Given material:
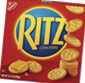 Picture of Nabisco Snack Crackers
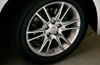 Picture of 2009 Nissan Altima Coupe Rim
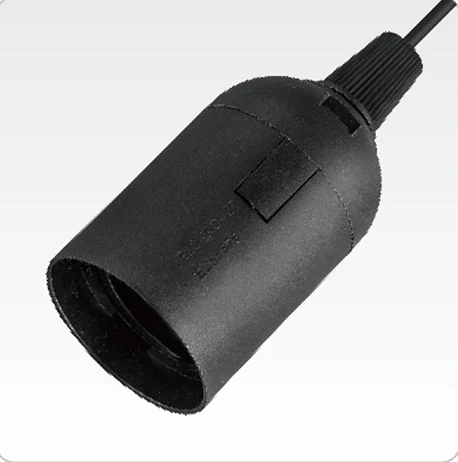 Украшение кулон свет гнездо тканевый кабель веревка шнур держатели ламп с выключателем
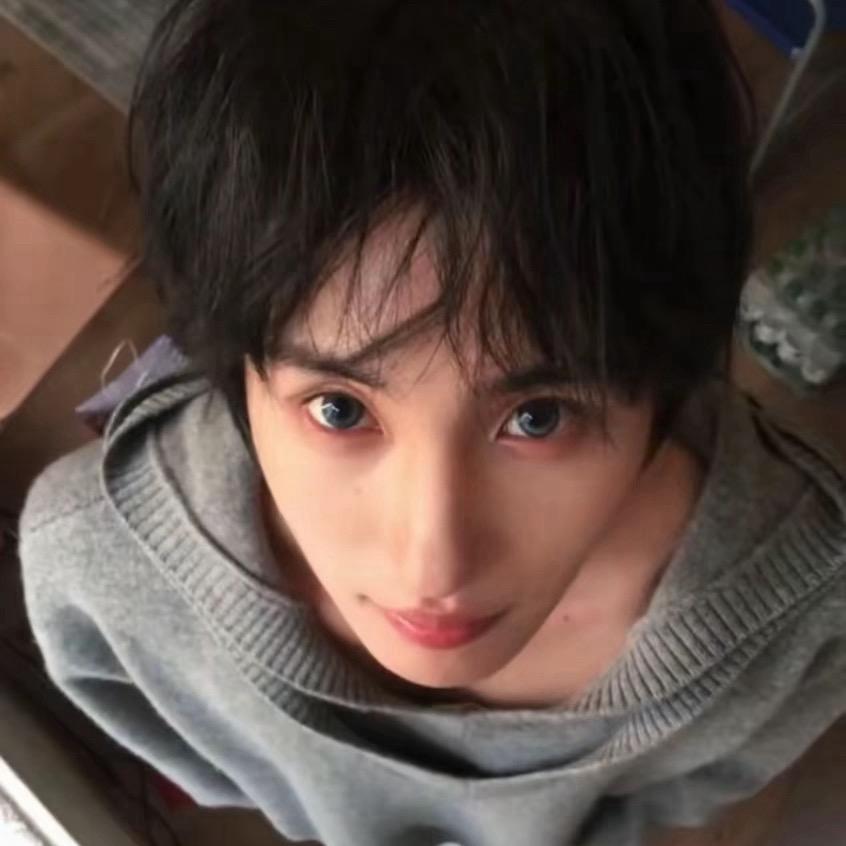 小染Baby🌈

Exercise details:
Retype only the lines from the line with "Украшение кулон свет" through the last line of the data. Keep both ends and skip the pictures.

Exercise solution:
 Украшение кулон свет гнездо тканевый кабель веревка шнур держатели ламп с выключателем
 小染Baby🌈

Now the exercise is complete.